Witgat(je)

Een van de vroege doortrekkers die na het broedseizoen ons land aandoen is het witgatje, tegenwoordig de witgat genoemd. De commissie van Ornithologen Met Verstand Van Vogelnamen houdt niet van verkleinwoorden. Ik ook niet, behalve bij sommige planten- en vogelnamen. Rozenkransje, madeliefje, vergeet-me-nietje. Roodborstje, winterkoninkje, goudhaantje. En witgatje dus. Klinkt toch vriendelijker dan witgat. Witgat klinkt als bleekscheet.
Witgatjes zijn steltlopers die langs oevers scharrelen en waden. Ze lijken op bosruiters en oeverlopers. Net als witgatjes passeren die laatste twee ons land in de lente en nazomer. Van witgatjes blijven er trouwens altijd wel een stuk of wat de hele winter plakken.
Van boven zijn witgatjes donkergrijs, van onder wit. Hun buik althans, hun borst en hals zijn grijs. Ze hebben geelgroene poten. Als ze wegvliegen valt hun spierwitte achterwerk tussen de donkere vleugels op.

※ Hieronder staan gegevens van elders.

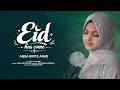 Eid Has Come | Aqsa Binte Anas | Beautiful Eid Nasheed 2026 | New English Eid Song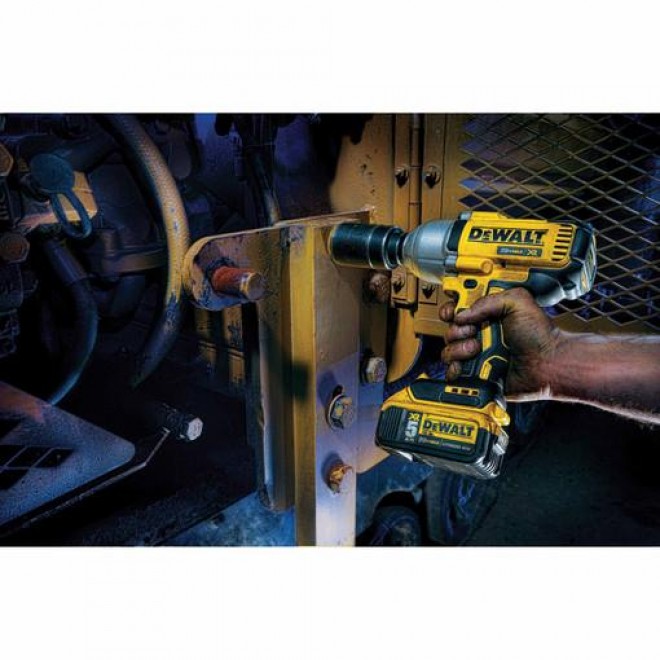 DeWalt DCF899P2 20v MAX* XR Brushless 1/2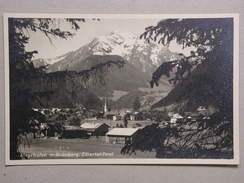 Mayrhofen M. Grünberg, Zillertal, Tirol - Schwaz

Een bosruiter heeft ook een witte kont, maar minder opvallend. Hij waadt op gele poten, heeft geen scherpe lijn tussen grijze borst en witte buik, maar een geleidelijke kleurovergang. Bosruiters hebben veel meer witte en bruine spikkels op hun rug.
Oeverlopers tenslotte hebben een met witgatjes vergelijkbaar verenkleed, maar dragen witte schouderbandjes. In de vlucht blijken hun kont niet wit te zijn. Als ze langs de oever lopen, doen ze dat graag in een voorovergebogen houding, klaar om te pikken. Ze laten hun staartje opvallend vaak wippen, waarin ze weer wat op een kwikstaart lijken.
Witgatjes broeden in Scandinavië, Finland, Rusland en Wit-Rusland, de Baltische landen, Oekraïne, Polen en Duitsland. En anders dan je van zo’n steltloper zou verwachten, broeden ze het liefst in bomen. Daar gebruiken ze soms oude nesten van bosvogel voor, of heksenbezems. De bossen waar ze broeden zijn zompig.
Nu, op trek, zijn ze te zien in moerassen en langs plassen. Bosruiters en oeverlopers wagen zich ook wel bij brakke of zoute slenken op kwelders. Als ze verder naar het zuiden trekken, vliegen ze vaak ’s nachts. Dan kun je soms zelfs boven steden hun drietonige, schelle roep horen.